Revolving around capo Tony Soprano, the story tells us about the middle aged family man trying to control his own family and working his way up in his extended family, the New Jersey mob. His fortune is troubled by a God-awful mother who is never satisfied, and by meat—induced anxiety attacks.
The show is carried by outstanding performances by its lead actors James Gandolfini (playing Tony Soprano) and Edie Falco (Carmela Soprano). Despite all the crimes and blasphemy, it is hard not to feel connected to their characters. If not, there is a perfect character for every age group, making the show an unlikely family program. I was convinced that with all the swearing and prostitution that the show was big amongst men, but apparently women are its most avid viewers.
The first series – supposedly what this review is about – introduces us to Tony's world. His character is quickly developed, leaving room for the numerous sideshow villains to grow up fastly and die young (and nastily). Its pro is the lack of annoying characters (of which there's one in any of the next series) though it lacks a truly binding storyline (being the first series).
The second series is probably the best so far, as it gets harder for Tony to keep his two families apart. Friends and family all become possible victims and traitors as the feds get more interest in the Sopranos' "waste disposal" company.
The third series is the reason I write this entry. I got the series for Christmas 2003 and watched it in the same break (possibly even in 2 days). Last week (in fact, after a Desperate Housewives episode) I decided to show my friend what a real good show is like, which marked the first time since that Christmas that I watched the DVDs again. The third series lacks the pace and excitement of the first two, and it's harder to like Tony himself as he starts off being a racist and ends up killing people closer to him than ever before. Still, some of the best episodes – mainly involving funerals – reside in these series, as especially the blood family relations become clearer.

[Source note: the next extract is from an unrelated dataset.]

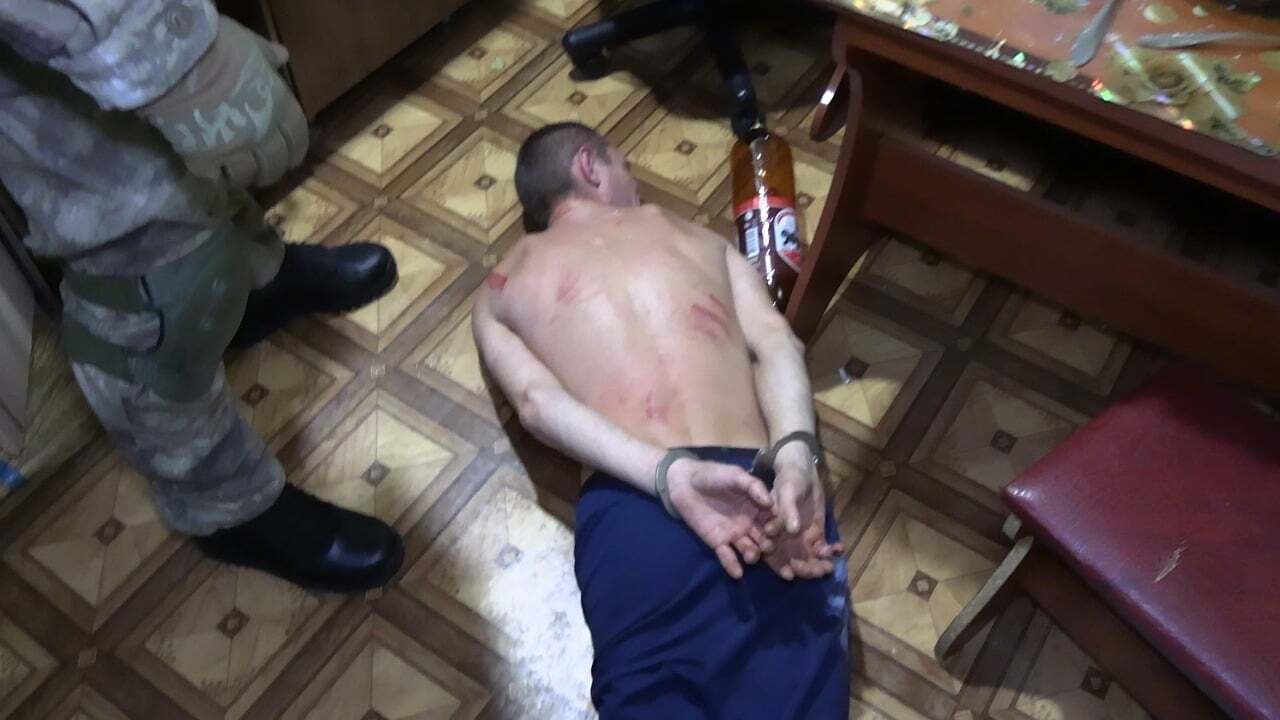 Поліцейські затримали раніше судимого зловмисника, який погрожував підірвати гранати в квартирі житлового будинку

The fourth series has appeared on DVD by now and brings us Joe Pantoliano in the role of Ralphie, one of the annoying characters I referred to earlier. Again less pace than the previous series, though ever so gruesome. Ralphie already appeared in series 3, but now he really makes Tony's life miserable. Still, his story is not the most shocking one in these series. The quality of the show never gets worse than that of the best Desperate Housewives episode. The same can be said for series 5, though by that time, some of the more interesting characters have joined the "witness protection" program, and the show turns its eye on a battle of the mobs, as the New York maffia gets more involved in New Jersey.
Before my laptop battery fails on me again, let me advise you to follow the show chronologically, if you're interested. The first series is not extremely important, but a great way to get into the New Jersey maffia lifestyle. If you like any of the American shows Channel 4 currently broadcasts, you should definitely give it a go. Less long winded than Desperate Housewives and definitely less over the top than the OC, it's quality entertainment. Don't forget to stock in on pizza!